McCloskey tells me that the impulse to “stand up for God and country” resides in his DNA — and for a moment he transports me to long-ago Fort Dodge, Iowa, where, one day, his elderly great-grandfather was crossing a “bridge over a creek. Some young punks were coming the other direction saying, ‘Out of my way, old man,’ ” McCloskey recounts, “and he just knocked them off the bridge, into the water.”

Eventually, I’ll speak to Kristin Kobes Du Mez, a history and gender studies professor at Calvin University in Michigan, and learn that she too appreciates Kunce’s force. “He’s exactly the sort of candidate the Democrats should be running right now,” says Du Mez, author of Jesus and John Wayne: How White Evangelicals Corrupted a Faith and Fractured a Nation. “He’s a strong, ripped White male who knows how to use a gun. Who better to reveal how much of the right wing’s masculinity is performative?”

Du Mez adds, “There can be other real-deal candidates capable of subversion: strong women of color, for example. But right now, when masculinity is the motif of the season, Kunce seems right. It’s going to be hard for the Republicans to say he’s not a real man.” Still, she continues, “Kunce is a test case. Republican masculinity is about defending White Christian nationalism. Think of Mark McCloskey on his lawn. Kunce is doing the muscle thing, but he’s extricating the Christian nationalism. We’ll have to see if it works.”

Politics as slugfest is exciting, and it makes for killer tweets.

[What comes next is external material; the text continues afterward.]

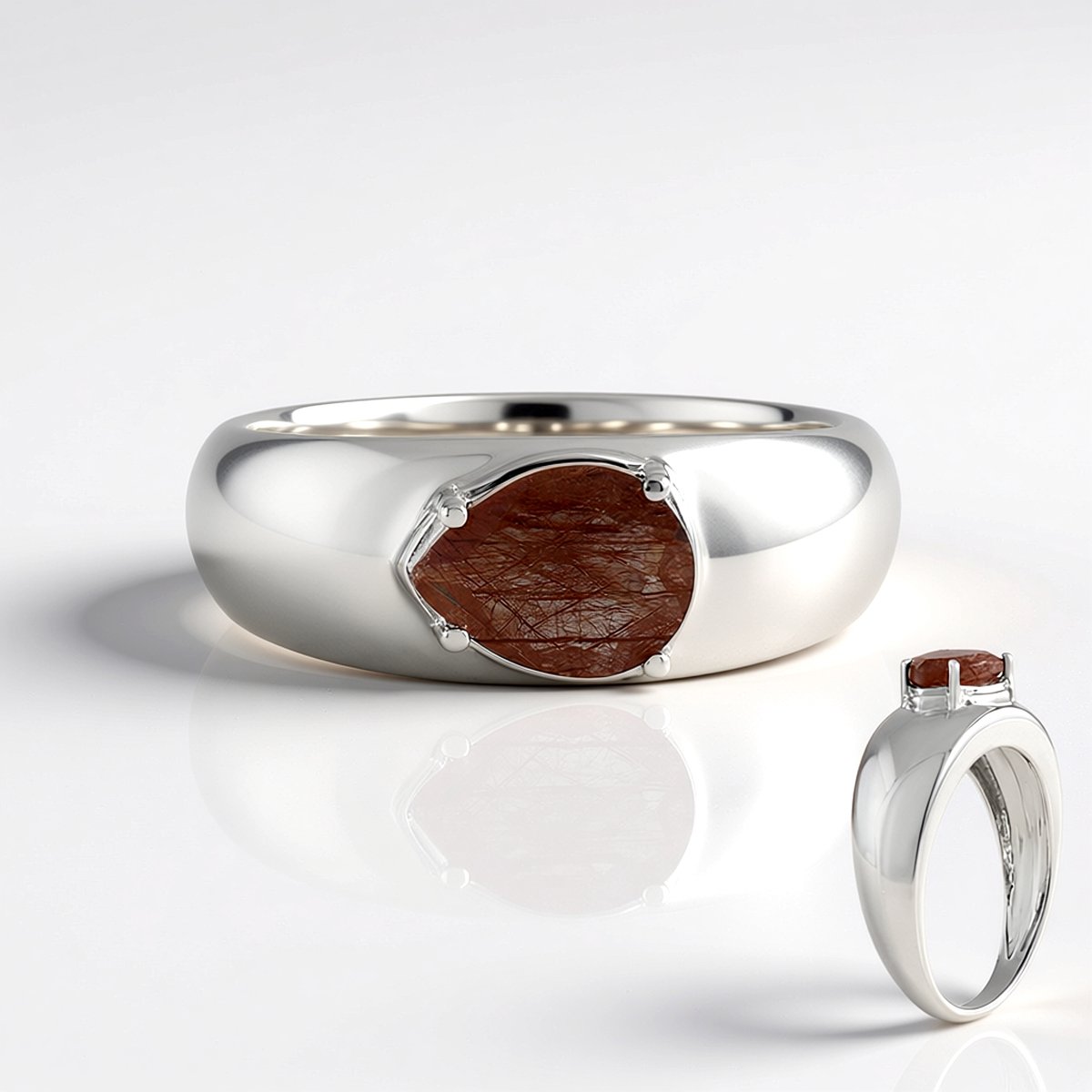 Cavill - 925 Sterling Zilver Ring - Gerhodineerd - 1,258 ct Peervormige Koperen Rutielkwarts - Elegante Open Band - Luxe Braziliaanse Edelsteen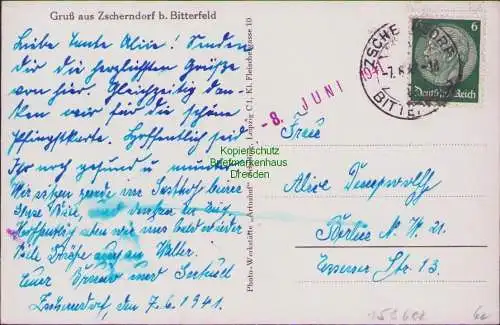 158602 AK Zscherndorf bei Bitterfeld 1941 Gasthaus Schwimmbad Ehrenmal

But what if we lived in a world where bravado and masculinity weren’t the prime criteria for political success? Kelly Dittmar, a political science professor and the director of research for the Center for American Women and Politics at Rutgers University, argues that we should strive for such a world by reimagining political campaigns. “We should expand the credentials we seek, value, and reward among candidates and officeholders,” Dittmar wrote in 2020 on the center’s blog. “Disrupting the gender power imbalance in U.S. politics requires not only shifting power away from men but also from masculinity.”

Dittmar doesn’t just disdain macho saber rattlers like Greitens and McCloskey. She gives low marks to all politicians, male and female, who drench their rhetoric in machismo, for this, she argues, “only maintains power in those credentials.” She laments how, in 2016, presidential candidate Carly Fiorina told Trump to “man up,” and she even takes a swipe at Sen. Elizabeth Warren, who decried Trump’s boorish treatment of Fiorina by calling him “a pathetic coward who can’t handle the fact that he’s losing to a girl.”

I could feel this as we crossed Missouri on I-70. One afternoon, as we were driving east in the Focus, Kunce told me about his last military posting, in which he was on staff at the Pentagon, leading arms negotiations between NATO and Russia — and growing increasingly tired of how the Russians violated treaties. He said, “Power and coercion is the only language they understand. If you talk about hugs and kisses, you’re just going to get abused.”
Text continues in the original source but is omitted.